Theater: 26. Spielzeit bei „ Theater im Hof“ in Riedlingen startet am Samstag / Erstmals mit Kunstausstellung von Max Sauk

Von Gabriele Hauger

Kandern-Riedlingen. „Wir arbeiten aus Freude an der Sprache“, sagt Dieter Bitterli, der mit seiner Frau Dorothea Koelbing die mittlerweile 26. Spielzeit von „Theater im Hof“ in Riedlingen organisiert. Die ambitionierte Kulturreihe im Innenhof des alten Anwesens mit seiner mächtigen Kastanie zieht alljährlich Freunde großer Theaterkunst an.
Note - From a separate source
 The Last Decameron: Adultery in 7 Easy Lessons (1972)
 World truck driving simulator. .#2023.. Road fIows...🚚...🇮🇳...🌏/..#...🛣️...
Aus Liebe zur Vielfältigkeit, Genauigkeit, Lebendigkeit und zum Fantasiereichtum von Sprache will Bitterli, langjähriger Professor für Schauspiel in Berlin, seine Arbeit verstanden wissen.

Dass Sprache besonders derzeit „von vielen Seiten vergiftet wird“, bedauert er. „Wir wollen etwas anderes in die Welt setzen.“ Dies dürfte mit dem am Samstag startenden Programm gelingen.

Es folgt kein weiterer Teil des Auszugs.